FERC Office of Public Participation: End the Electric Industry Coverup
Comments of Michael Mabee
Submitted to FERC on April 22, 2021
My name is Michael Mabee. I am a private citizen who conducts public interest research on the security of the electric grid because I recognize the absolutely vital role of this infrastructure in powering every one of the nation’s 16 critical infrastructures and in undergirding not just the well-being but the very survival of our modern society.
The Office of Public Participation must work to improve the transparency of Commission enforcement proceedings. This lack of transparency is endangering the electric grid and endangering the public and must be the Office of Public Participation (OPP’s) top priority.
Since 2010 there have been 275 FERC dockets involving at least 1,500 entities that have violated Critical Infrastructure Protection Standards (“CIP Standards”). Every single one of these 1,500+ names have been withheld from the public.
Almost all of these violations had been mitigated at the time the Notice of Penalty had been submitted to FERC. In fact, out of all of the complaints, there appear to be only four where the mitigation date might not be complete:
- Docket #NP19-4-000 issued 1/25/2019 mitigation is “ongoing”
- the mitigation date is listed as “TBD” in Docket #NP15-32-000, issued 7/30/2015, NP14-40-000 issued 4/30/2014 and Docket #NP13-45-000 issued 7/31/2013.
- In all four of these dockets, FERC has issued a “Notice of No Further Review.” So even these 4 may be through failure of NERC to update the data.
In essence, the industry has argued in Docket #AD19-18-000 that the names of all CIP violators must be withheld from the public – forever.
The names of regulatory violators is critical to the public, Congress and state regulators in order to be able to scrutinize the regulatory system to see if it is working or if improvements are needed.
There is a great deal of evidence that the present regulatory system in not working and needs public and Congressional scrutiny. Just a few examples:
- There have been 721 physical attacks on the electric grid in the last decade – this calls into question the effectiveness of the physical security standard.
- Numerous entities in the electric grid were penetrated by the Solar Winds Hack, yet there is no requirement that malware be detected, removed or mitigated in the cybersecurity CIP standards – this calls into question the effectiveness of the cybersecurity standards.
- The Texas electric grid collapsed in 1989, 2011 and again in 2021 – this time causing over 125 deaths. All three collapses of the Texas grid were caused by cold weather. Clearly the Mandatory Reliability Standards failed or were not enforced.

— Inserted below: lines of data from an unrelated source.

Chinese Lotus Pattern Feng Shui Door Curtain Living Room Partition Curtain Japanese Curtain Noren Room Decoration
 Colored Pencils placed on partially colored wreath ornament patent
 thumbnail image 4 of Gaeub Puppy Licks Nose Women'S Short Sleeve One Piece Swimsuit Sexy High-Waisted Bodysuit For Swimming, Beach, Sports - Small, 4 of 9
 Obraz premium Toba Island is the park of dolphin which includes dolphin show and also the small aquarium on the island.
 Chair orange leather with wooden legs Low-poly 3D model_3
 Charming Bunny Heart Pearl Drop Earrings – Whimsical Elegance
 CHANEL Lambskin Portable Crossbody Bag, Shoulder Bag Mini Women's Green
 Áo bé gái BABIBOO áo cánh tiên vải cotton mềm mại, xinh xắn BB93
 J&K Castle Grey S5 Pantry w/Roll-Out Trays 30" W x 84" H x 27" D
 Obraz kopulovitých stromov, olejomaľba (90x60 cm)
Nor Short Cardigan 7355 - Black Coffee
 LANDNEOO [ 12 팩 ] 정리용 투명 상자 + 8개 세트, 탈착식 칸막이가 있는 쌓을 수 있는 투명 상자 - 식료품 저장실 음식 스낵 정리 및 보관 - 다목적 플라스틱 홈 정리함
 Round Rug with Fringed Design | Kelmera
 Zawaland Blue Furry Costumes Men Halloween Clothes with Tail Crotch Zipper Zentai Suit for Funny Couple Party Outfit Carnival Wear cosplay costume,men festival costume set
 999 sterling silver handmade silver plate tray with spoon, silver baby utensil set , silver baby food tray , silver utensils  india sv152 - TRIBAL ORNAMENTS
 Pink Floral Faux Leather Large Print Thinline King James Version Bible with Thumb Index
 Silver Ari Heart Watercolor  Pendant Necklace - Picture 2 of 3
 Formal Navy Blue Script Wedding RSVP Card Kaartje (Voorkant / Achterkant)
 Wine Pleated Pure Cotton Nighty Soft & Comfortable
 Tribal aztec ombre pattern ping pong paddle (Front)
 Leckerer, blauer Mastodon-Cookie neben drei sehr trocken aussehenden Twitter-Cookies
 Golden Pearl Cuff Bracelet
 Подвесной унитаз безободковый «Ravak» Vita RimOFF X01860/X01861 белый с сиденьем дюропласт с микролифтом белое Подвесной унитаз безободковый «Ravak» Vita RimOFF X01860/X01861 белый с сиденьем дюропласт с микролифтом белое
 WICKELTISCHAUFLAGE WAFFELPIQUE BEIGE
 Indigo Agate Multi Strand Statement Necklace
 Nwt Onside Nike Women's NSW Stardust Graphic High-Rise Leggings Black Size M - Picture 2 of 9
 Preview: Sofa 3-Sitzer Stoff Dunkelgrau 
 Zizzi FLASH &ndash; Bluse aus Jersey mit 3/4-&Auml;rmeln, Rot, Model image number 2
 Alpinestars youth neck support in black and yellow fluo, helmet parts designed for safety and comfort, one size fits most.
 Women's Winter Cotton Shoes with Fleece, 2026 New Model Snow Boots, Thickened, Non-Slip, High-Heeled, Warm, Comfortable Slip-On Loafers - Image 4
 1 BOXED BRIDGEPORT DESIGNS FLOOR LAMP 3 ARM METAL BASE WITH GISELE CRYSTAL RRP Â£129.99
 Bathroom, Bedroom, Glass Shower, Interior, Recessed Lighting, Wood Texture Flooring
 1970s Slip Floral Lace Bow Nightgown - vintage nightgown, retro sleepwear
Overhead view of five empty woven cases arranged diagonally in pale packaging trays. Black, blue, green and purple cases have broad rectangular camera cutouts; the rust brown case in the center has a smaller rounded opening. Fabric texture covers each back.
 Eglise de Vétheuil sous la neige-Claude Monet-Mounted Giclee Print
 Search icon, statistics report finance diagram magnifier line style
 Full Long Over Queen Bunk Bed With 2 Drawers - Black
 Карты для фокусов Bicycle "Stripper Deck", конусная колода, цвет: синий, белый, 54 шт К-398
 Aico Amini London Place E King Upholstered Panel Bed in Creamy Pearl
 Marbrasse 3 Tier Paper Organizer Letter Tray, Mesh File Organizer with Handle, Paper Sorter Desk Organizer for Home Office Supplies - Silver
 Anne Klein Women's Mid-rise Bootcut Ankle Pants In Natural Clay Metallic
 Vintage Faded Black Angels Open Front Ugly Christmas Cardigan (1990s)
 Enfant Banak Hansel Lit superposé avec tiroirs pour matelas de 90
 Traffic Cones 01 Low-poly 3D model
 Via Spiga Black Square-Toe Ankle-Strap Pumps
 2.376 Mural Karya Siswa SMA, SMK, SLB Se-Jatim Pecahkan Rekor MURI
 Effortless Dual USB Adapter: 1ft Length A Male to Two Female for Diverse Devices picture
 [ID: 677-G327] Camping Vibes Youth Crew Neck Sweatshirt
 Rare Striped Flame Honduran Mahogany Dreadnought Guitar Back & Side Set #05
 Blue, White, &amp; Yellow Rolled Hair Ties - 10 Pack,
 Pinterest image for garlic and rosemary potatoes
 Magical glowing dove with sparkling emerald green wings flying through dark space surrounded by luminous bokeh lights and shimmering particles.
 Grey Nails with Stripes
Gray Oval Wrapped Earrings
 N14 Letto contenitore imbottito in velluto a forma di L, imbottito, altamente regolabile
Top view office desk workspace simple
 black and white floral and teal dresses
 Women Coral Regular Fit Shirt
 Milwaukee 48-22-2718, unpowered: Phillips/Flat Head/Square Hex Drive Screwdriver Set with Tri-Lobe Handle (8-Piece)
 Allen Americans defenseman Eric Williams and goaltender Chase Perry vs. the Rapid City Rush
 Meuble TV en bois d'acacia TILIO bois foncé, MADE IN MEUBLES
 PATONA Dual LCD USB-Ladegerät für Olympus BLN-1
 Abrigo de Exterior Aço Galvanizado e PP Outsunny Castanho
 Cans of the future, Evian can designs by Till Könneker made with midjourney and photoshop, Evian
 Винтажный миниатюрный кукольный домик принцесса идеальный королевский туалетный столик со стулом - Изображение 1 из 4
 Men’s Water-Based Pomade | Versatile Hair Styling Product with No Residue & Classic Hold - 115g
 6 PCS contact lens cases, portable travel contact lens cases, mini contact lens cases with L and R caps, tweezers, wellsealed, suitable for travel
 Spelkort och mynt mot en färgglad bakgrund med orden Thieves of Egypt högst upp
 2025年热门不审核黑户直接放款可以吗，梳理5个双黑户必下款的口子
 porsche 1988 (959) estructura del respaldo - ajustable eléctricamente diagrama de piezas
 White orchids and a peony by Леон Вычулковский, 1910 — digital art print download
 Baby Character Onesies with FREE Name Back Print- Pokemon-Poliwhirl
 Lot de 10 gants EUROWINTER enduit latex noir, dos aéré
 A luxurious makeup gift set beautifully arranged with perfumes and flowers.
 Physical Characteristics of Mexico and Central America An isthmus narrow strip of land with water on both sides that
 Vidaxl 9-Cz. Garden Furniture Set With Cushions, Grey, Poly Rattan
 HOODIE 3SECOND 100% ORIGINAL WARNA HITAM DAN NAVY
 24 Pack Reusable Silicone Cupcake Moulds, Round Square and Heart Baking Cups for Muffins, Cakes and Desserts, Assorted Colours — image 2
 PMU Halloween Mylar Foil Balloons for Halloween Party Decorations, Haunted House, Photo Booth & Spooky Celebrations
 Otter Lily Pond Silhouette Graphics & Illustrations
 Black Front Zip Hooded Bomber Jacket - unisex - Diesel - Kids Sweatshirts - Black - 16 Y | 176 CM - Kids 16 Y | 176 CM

Another reason the public has a right to know if the company they rely upon – and pay – for electricity violates CIP standards is illustrated by these three questions:
- Who is paying for the CIP violation fines—the ratepayers or the shareholders?
- Who is paying for any mitigation ordered or agreed upon—the ratepayers or the shareholders?
- Most importantly, who decides who pays?
The last question is easy: Absent transparency, the regulatory violator decides who pays. This is why it is critical that the Commission release the names of the regulatory violators along with sufficient information so that the public (“ratepayers”), investors (“shareholders”), the PUCs (the ones who should be making these decisions) and Congress (the oversight) can see what is happening.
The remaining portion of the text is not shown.